Task goal: From the first line of the entries through the line containing "Eve Hewson with", output everything exactly except the pictures.

=== Material shown ===

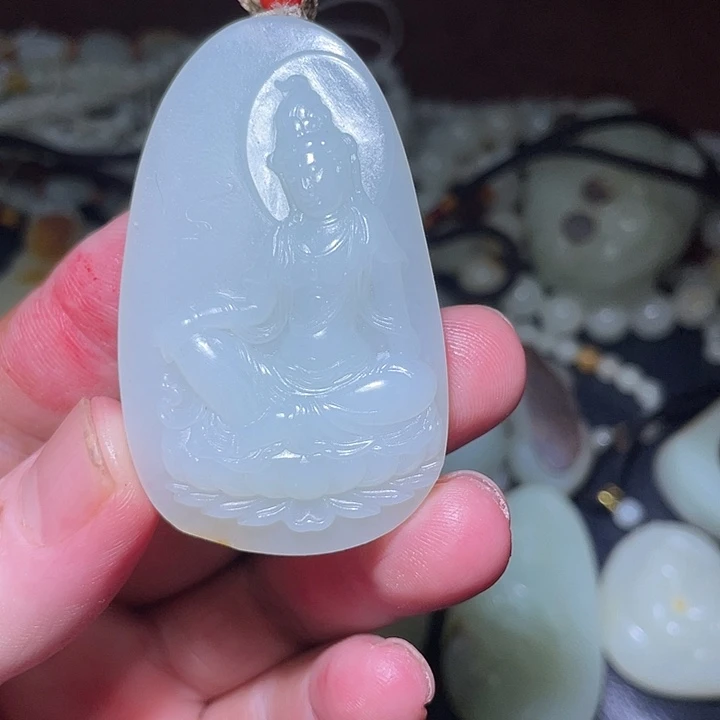 清***_和田玉未镶嵌颈饰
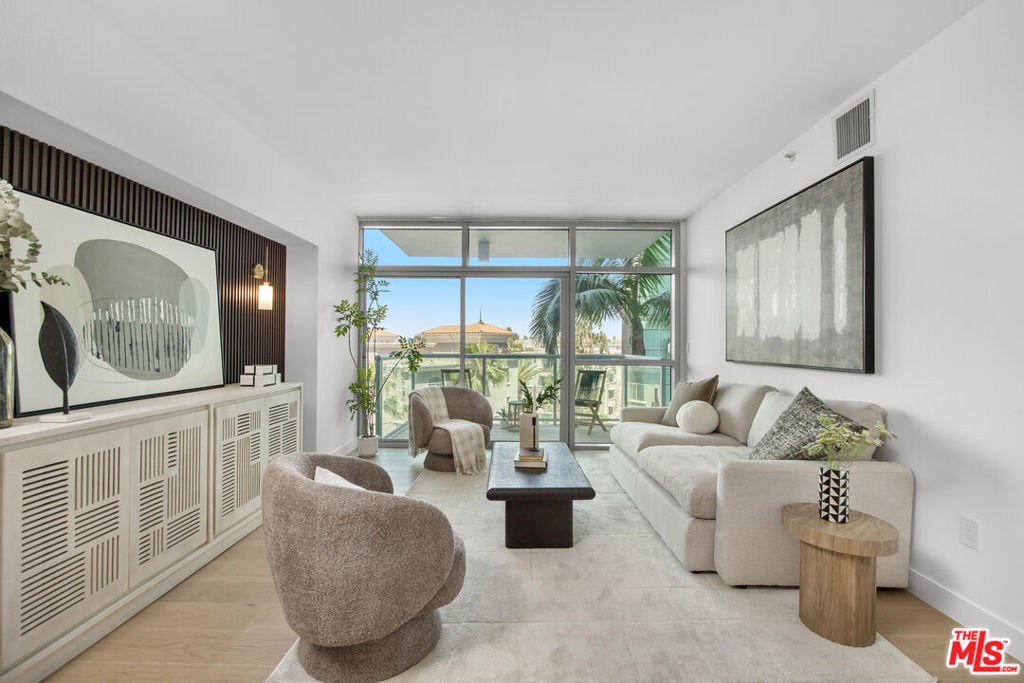 13700 Marina Pointe Drive 511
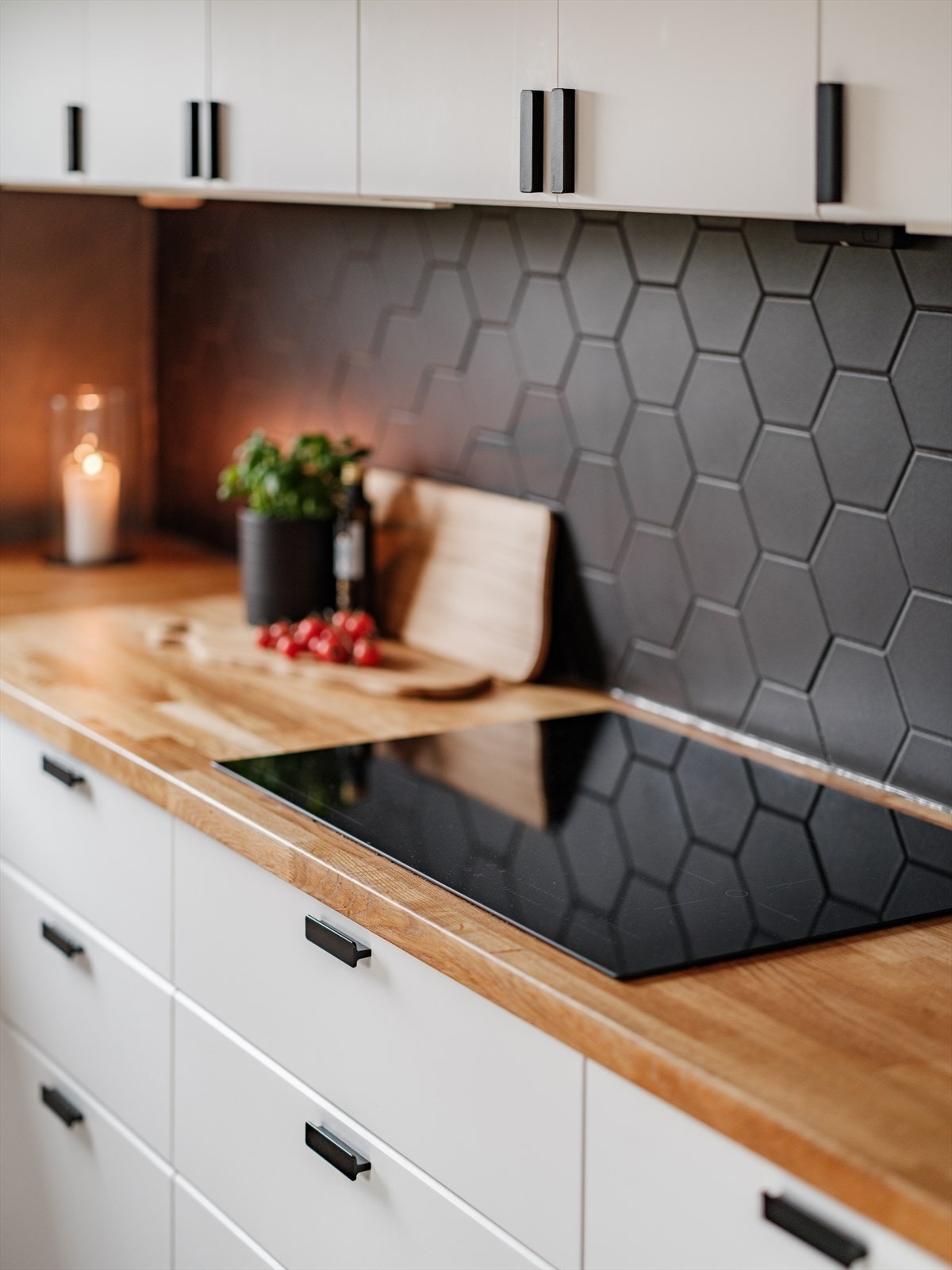 Kjøkkenet er utstyrt med integrerte hvitevarer bestående av induksjonsplatetopp, stekeovn, oppvaskmaskin og kjøleskap. Komfyrvakt ble skiftet i 2025. Galleribilde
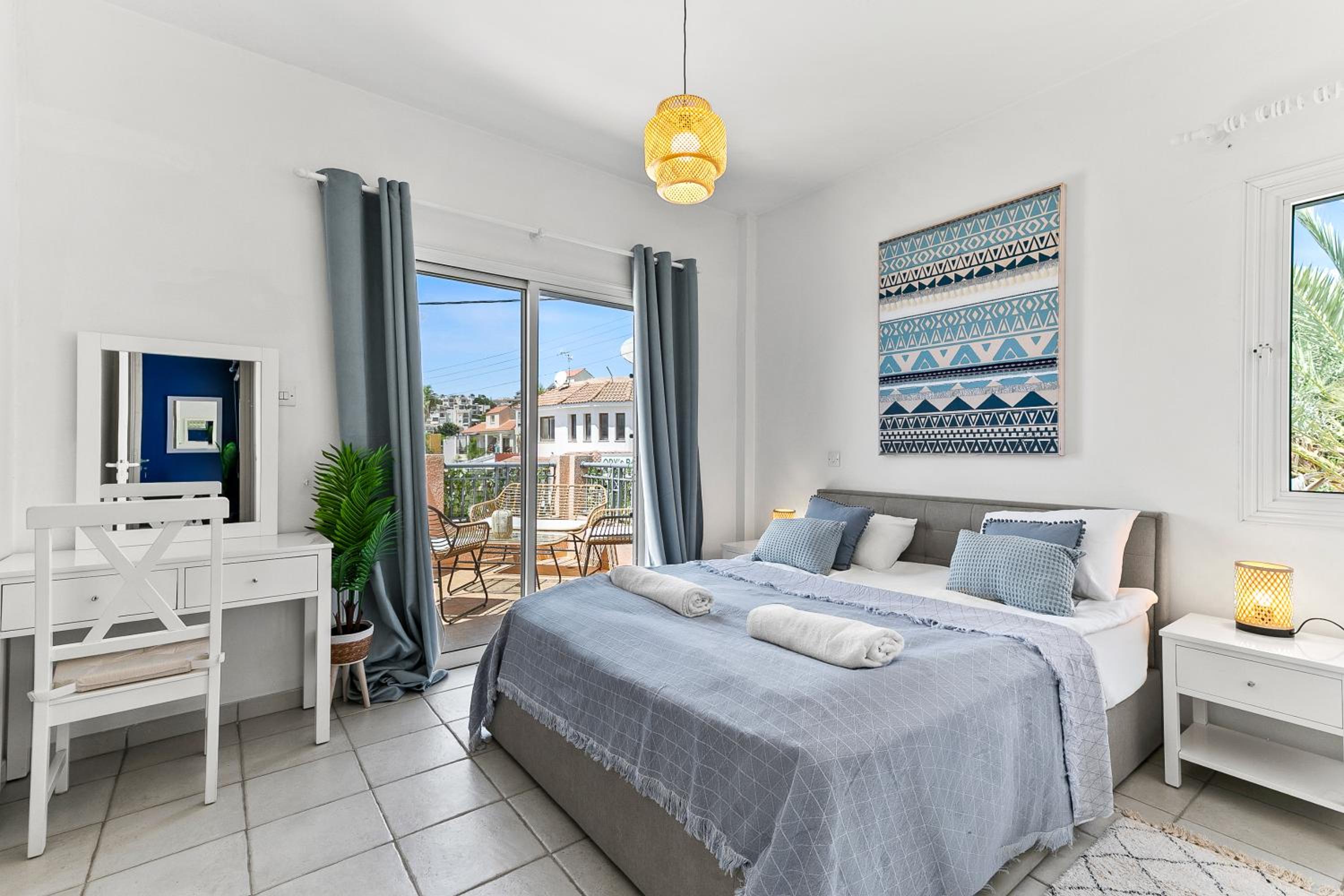 Charming 3-Bedroom Maisonette with Pool Access at Regina Gardens, 700 m Venus Beach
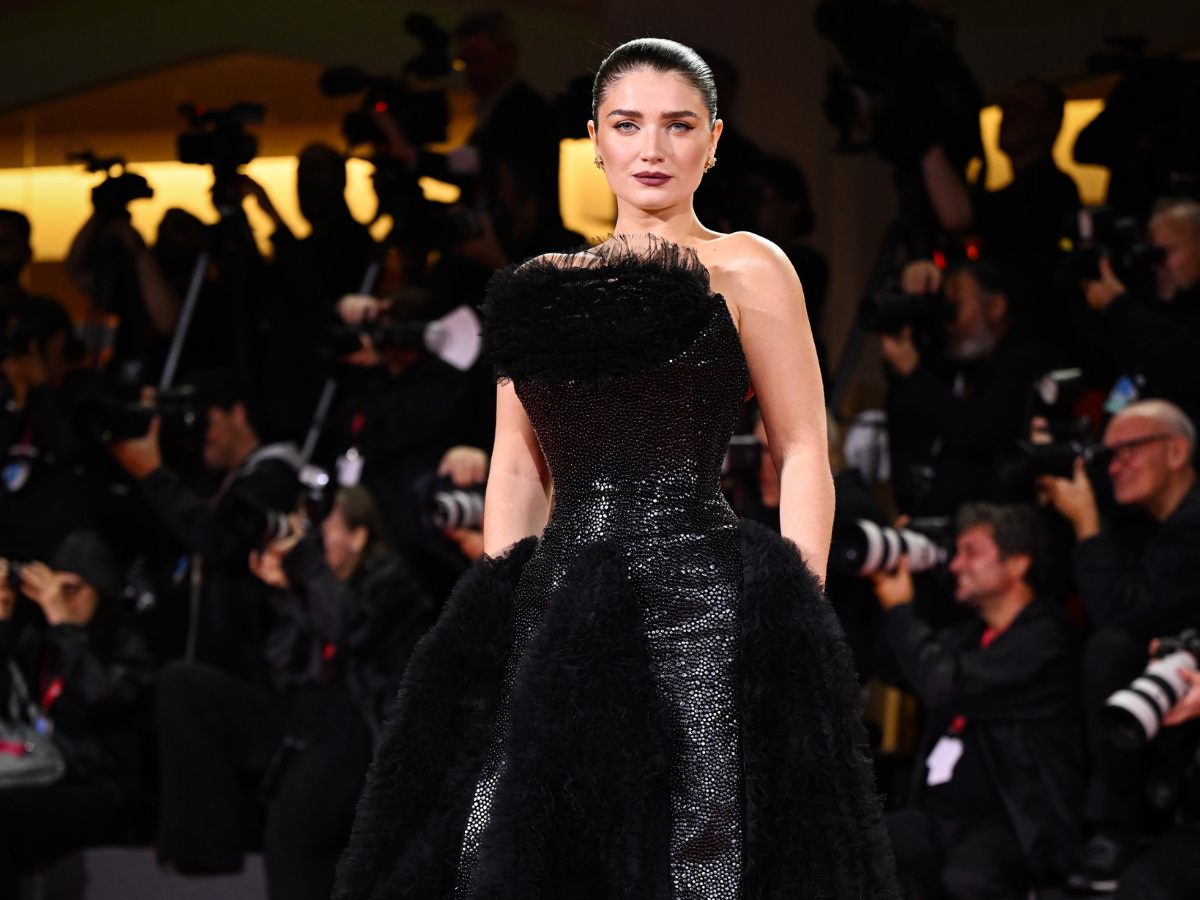 Eve Hewson with mother Ali Hewson at Jay Kelly premiere. - Photo Gallery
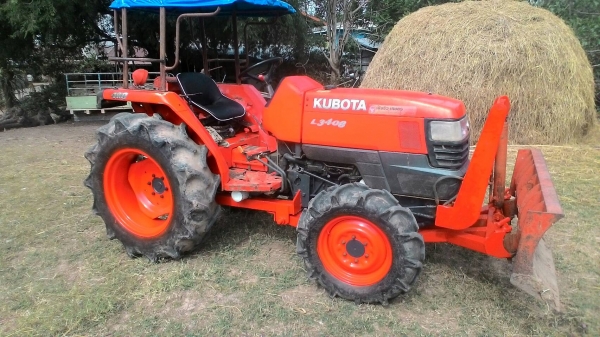 รถไถ 34 แรง เอกสารอินวอย   อุปกร 3 ชิ้น   ผานหน้ +ผานหลัง + โรตาลี   พร้อมใช้ราคาเบา ฯฯฯ  155,000  บาท สอบถาม  วันทูคอล 0986683479 dtac 0991751349 สิทธิ์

===

Result for this exercise:
 清***_和田玉未镶嵌颈饰
 13700 Marina Pointe Drive 511
 Kjøkkenet er utstyrt med integrerte hvitevarer bestående av induksjonsplatetopp, stekeovn, oppvaskmaskin og kjøleskap. Komfyrvakt ble skiftet i 2025. Galleribilde
 Charming 3-Bedroom Maisonette with Pool Access at Regina Gardens, 700 m Venus Beach
 Eve Hewson with mother Ali Hewson at Jay Kelly premiere. - Photo Gallery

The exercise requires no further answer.